GitHub CODEOWNERS on steroids

GitHub CODEOWNERS on steroids

Julien Danjou

For the last few years, GitHub has supported a feature named CODEOWNERS. If you never heard of it, it’s a file that you can put in your repository, and that will make GitHub assigned pull request reviews to users or teams.

CODEOWNERS 101

Ok, so if you’re really new to this file, let me give you a simple example. Let’s say that your .github/CODEOWNERS file in your repository has this:

*.js    @js-owner

Then, every pull request that modifies a JavaScript file will trigger a review request to the js-owner team.

This can work for any file path, extension, etc.

Limitations

While this mechanism is very handy, it’s also really limited. This can only match based on file names, paths or extensions, but not on any other criteria of the pull request. There a lot of different scenarios that are interesting; let’s see how you can leverage Mergify to implement them.

Team-based review request

It’s pretty common to have developers organized in several teams. They usually work on common features so they are well aware of what each other is doing.

It sounds pretty obvious that anyone from a particular team should have their code reviewed by a member of the same team.

pull_request_rules:
  - name: assign PR from @myteam to @myteam
    conditions:
      - author=@myteam
      - -merged
    actions:
      request_reviews:
        teams:
          - myteam

For each pull request that is authored by a member of @myteam and that is not yet merged, a request_review will be added for @myteam.

Requesting reviews with labels

It’s pretty common to use labels to categorize your pull request. You could have a label for UI changes, one for backend changes, etc. Those pull request could be assigned to different teams.

Let’s say we have a label ui in our repository that is used to identify user-interface changes. Those changes should be reviewed by the @react-ui team.

pull_request_rules:
  - name: request review from React devs
    conditions:
      - label=ui
      - label!=work-in-progress
      - -merged
      - files~=/.*\.jsx$
    actions:
      request_reviews:
        teams:
          - @react-ui

We’ve put a few more conditions in this rule.
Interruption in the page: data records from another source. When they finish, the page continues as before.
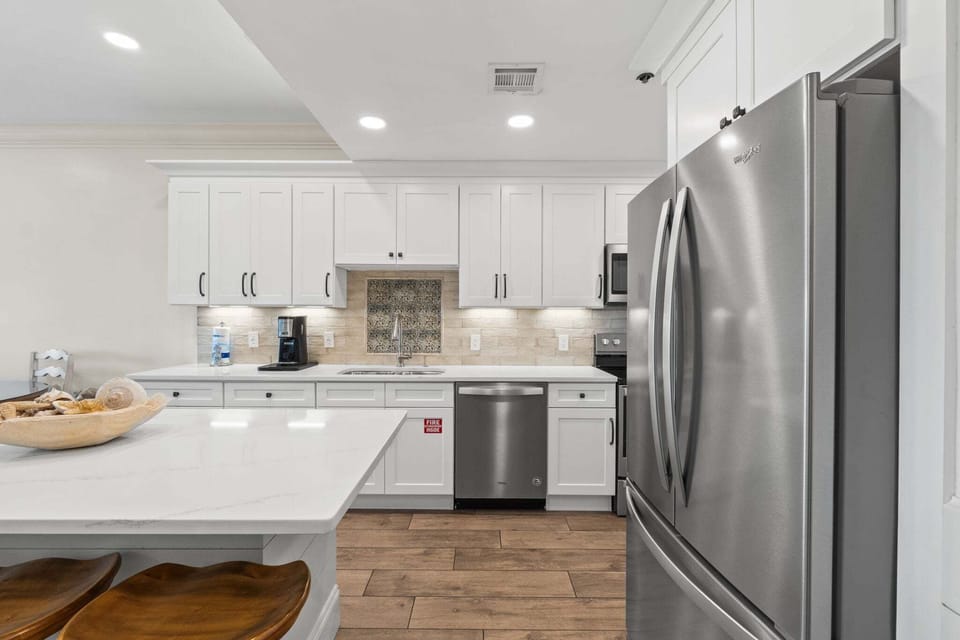 Clean, modern kitchen workspace with double sink, coffee station, and plenty of counter space for meal prep.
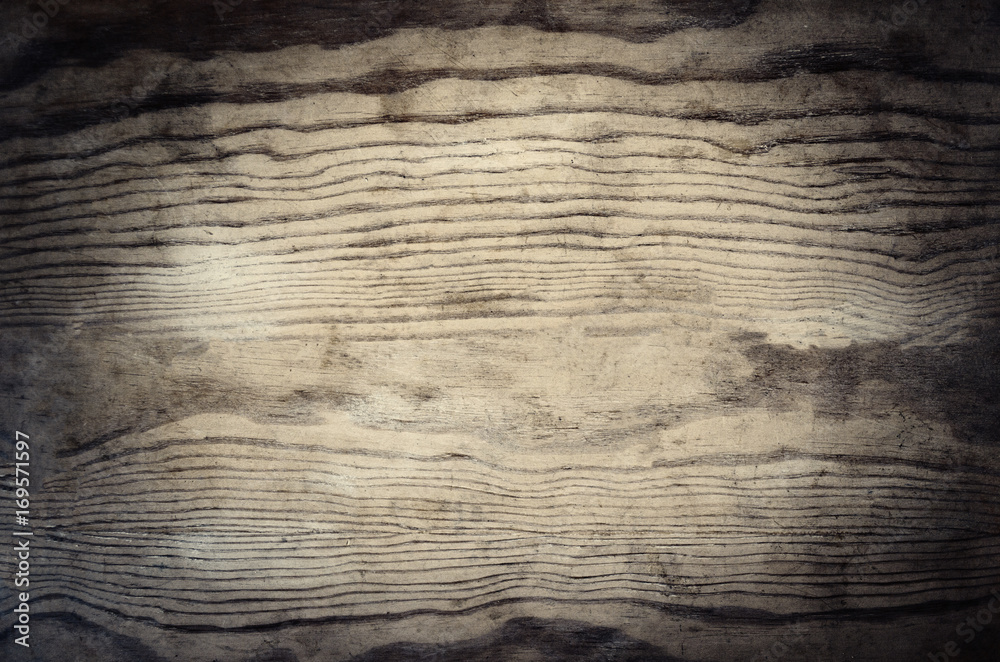 Obraz premium Vintage wooden textured background with natural pattern and scratches. Rustic dark surface with wood grainy texture. Old table top close up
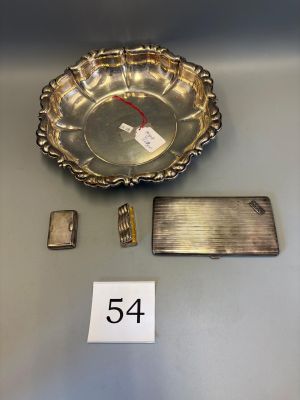 a silver plate with a number on it next to a lighter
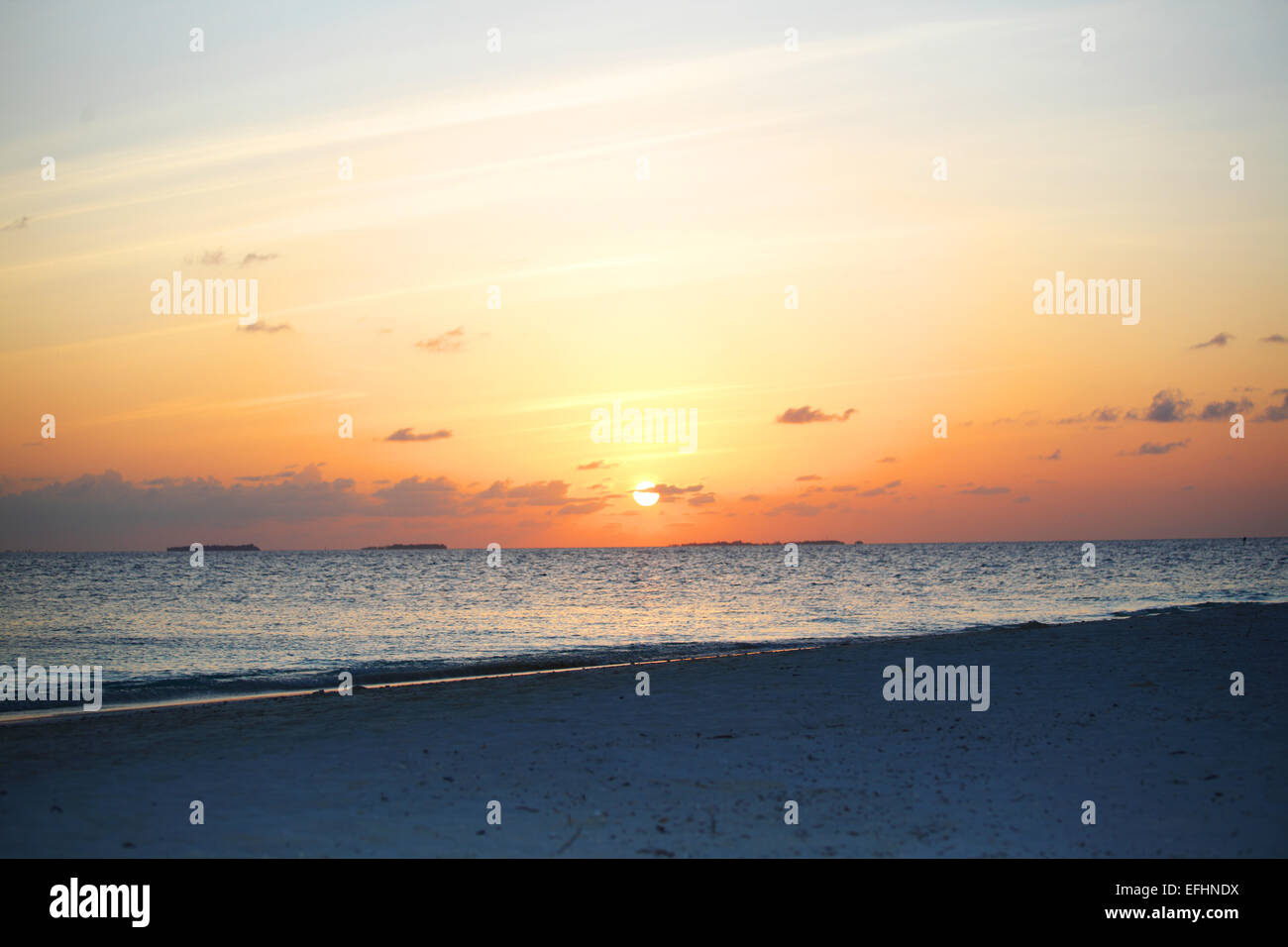 sunset on the sea beach Stock Photo - Alamy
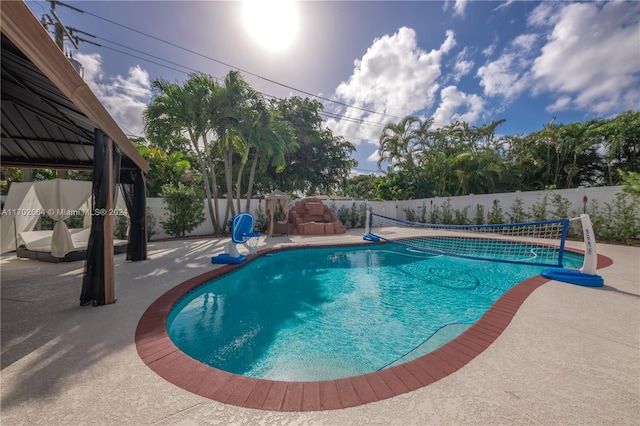 view of pool featuring a patio area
First, the pull request should be opened and have the label ui set. We also want to be sure the JSX files are modified. Finally, if the pull request has the label work-in-progress there’s no need to request a review yet, so we don’t do it.

Release management

If you use dedicated branches for release for your software, having your release manager reviewing for stable branches might be interesting. You could write a rule like:

pull_request_rules
  - name: ask RM to review the PR
    conditions:
      - base~=stable/.*
    actions:
      request_reviews:
        users:
          - your-release-manager-login

With such a rule, a review will be requested each time a pull request is opened against a branch under the stable/ namespace.

There are plenty more workflows that you could implement with Mergify. We’ve added a few in our documentation examples section. Feel free to suggest more ideas!